If we add to this idea the fact that adaptations take place very slowly, and that every variation of the germ-plasm in an appropriate direction has time to spread over countless hosts of individuals, we gain some idea of the way in which new adaptations gradually bring about the evolution of a more and more sharply-defined specific type.

So far, however, we have only explained the morphological aspect of the problem of the nature of species, but there is also a physiological side, and for a long time this played an important part in the definition of the conception of species. Until the time of Darwin it was regarded as certain that species do not intermingle in the natural state, and that, though they could be crossed in rare cases, the progeny would be infertile.

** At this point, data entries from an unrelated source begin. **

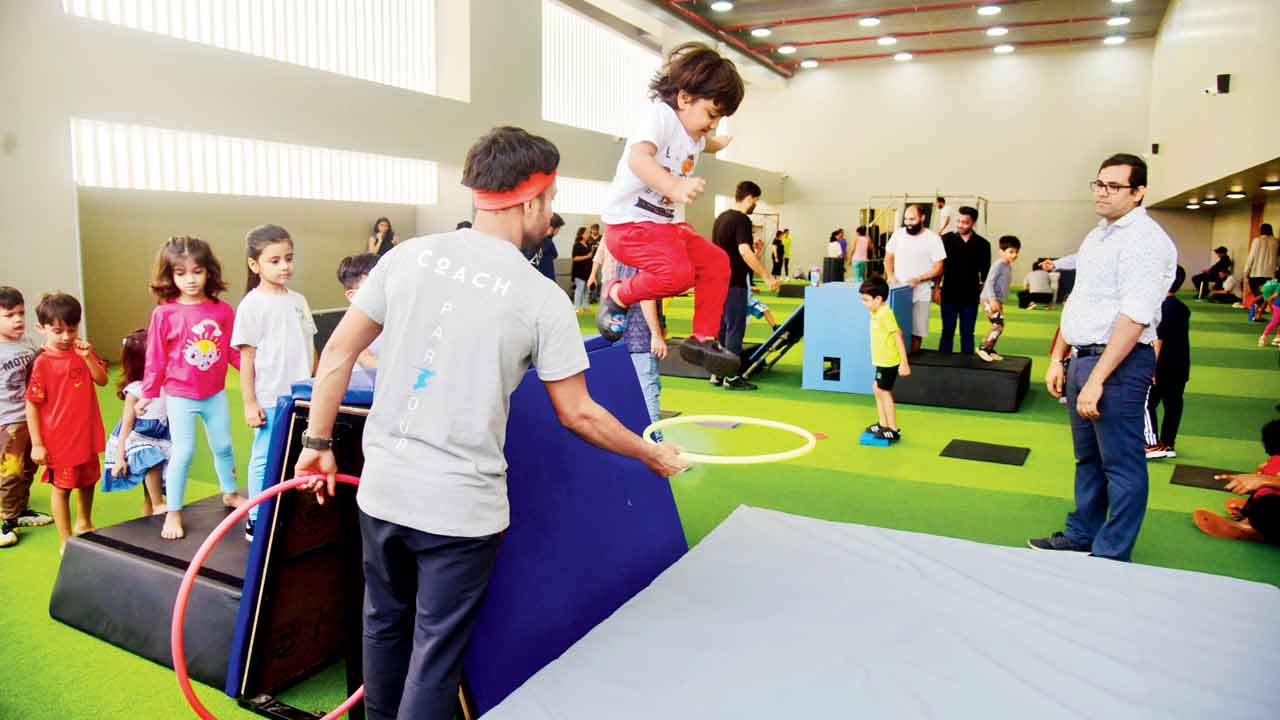 A child learns a vault at a session. PIC/ATUL KAMBLE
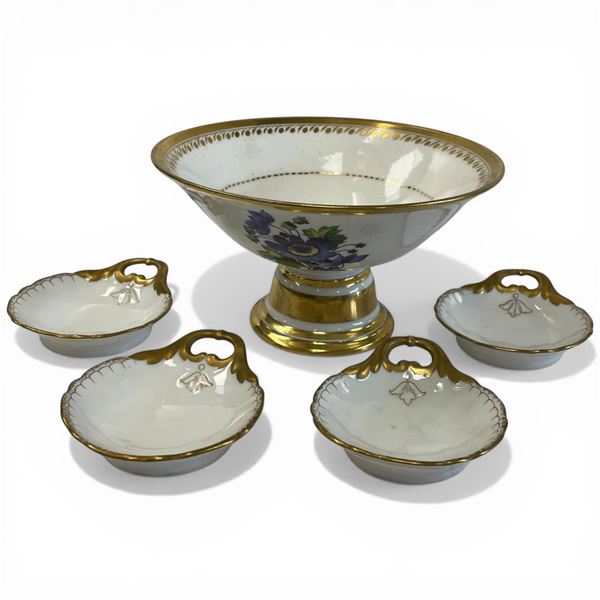 Vintage China Pedestal Compote Bowl with 4 Scalloped 4" Dishes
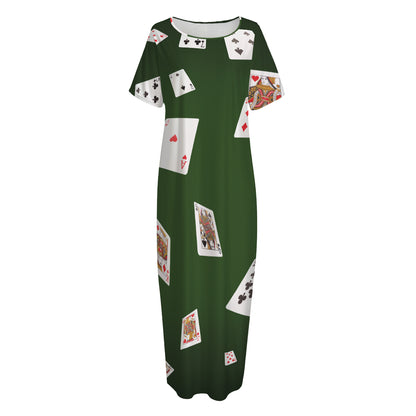 Flying Poker Cards Print Short Sleeve Long Nightdress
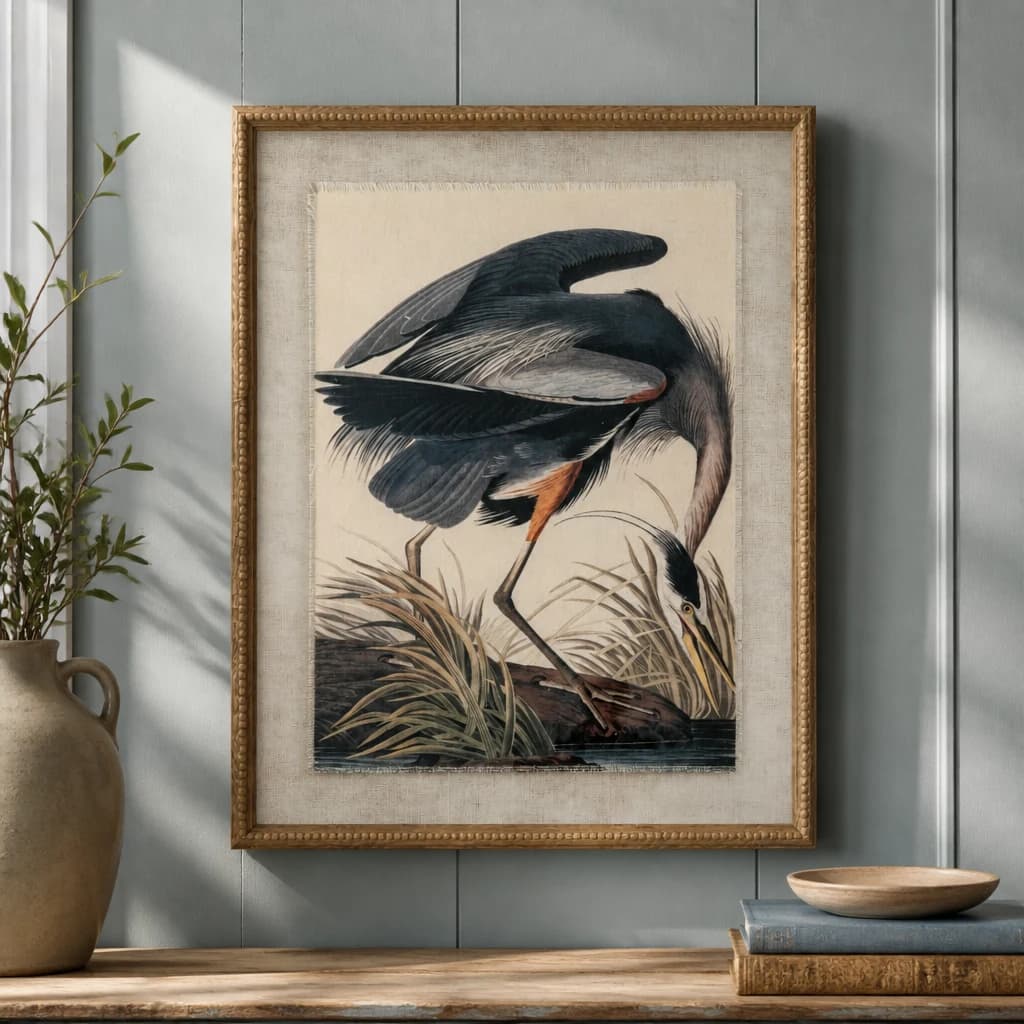 Flora & Fauna Collection Heron On Linen In Beaded Frame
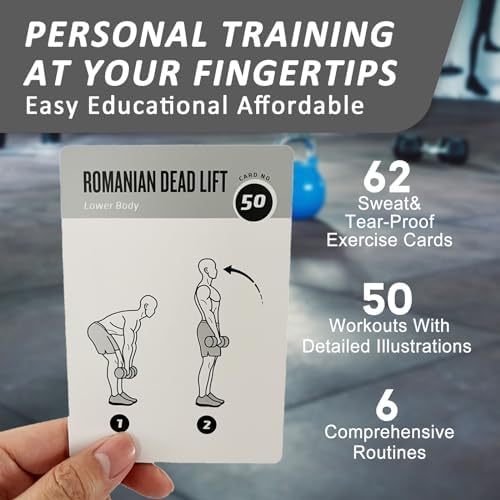 Dumbbell Workout Cards, 62 Large 5"x3.5" Exercise Cards for Home & Gym, Strength Training, Muscle Building, Beginner Fitness Guide, Fitness Cards for Men & Women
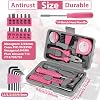 24 Pcs Home Repair Tool Kit General Household Hand Toolbox Set with Storage Case DIY Tools Hammer and Allen Key Set with Electrical Tape Screwdriver Test Pen Plier Bits for Men Women & Beginner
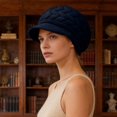 thumbnail image 2 of Holzkary Womens Winter Beret Hats Brimmed Thick Warm Cable‑Knit Woven Texture Elastic Soft Ear Protection Visor Beanie Hat Snow Ski Caps Chunky Soft Slouchy Cap Black One Size, 2 of 5
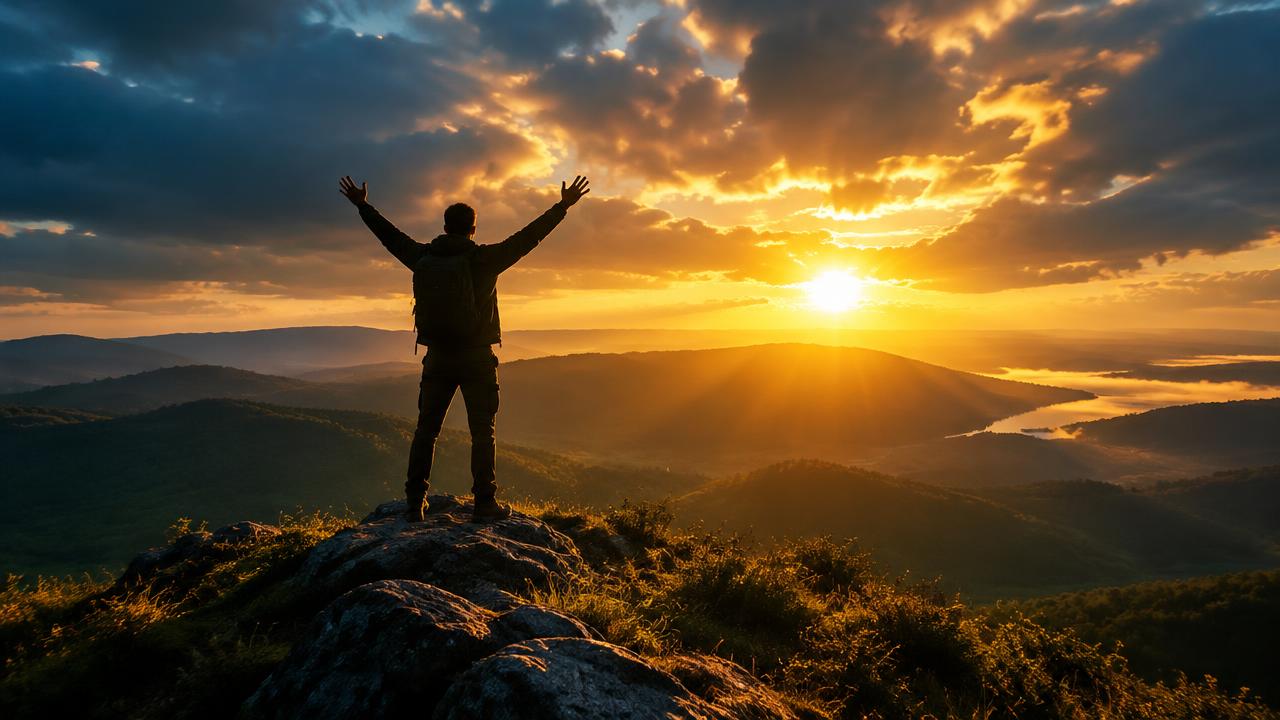 A person standing on a hilltop at sunrise with arms raised upward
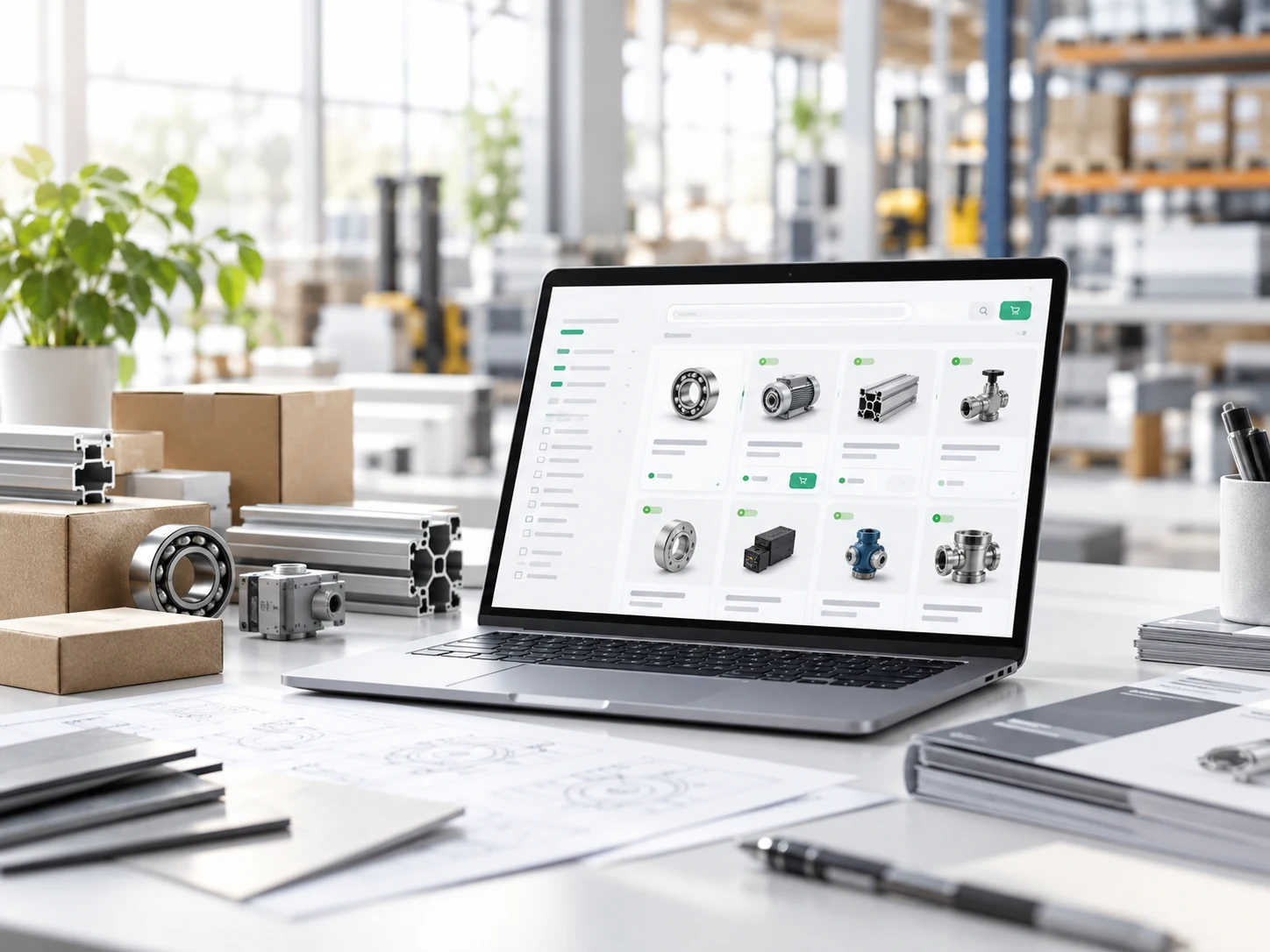 Szene eines komplexeren Shop-Setups als Metapher für Kosten, Anforderungen und Systemtiefe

Although we now know that these statements are only relatively correct, and that in particular there are many higher plants which yield perfectly fertile hybrids, it is nevertheless a striking phenomenon that among the higher animals, mammals, and birds the old law holds good, and hybrids between two species are very rarely fertile. The two products of crossing between the horse and the ass, the mule and the hinny, are never fertile inter se, and very rarely with a member of the parent stock.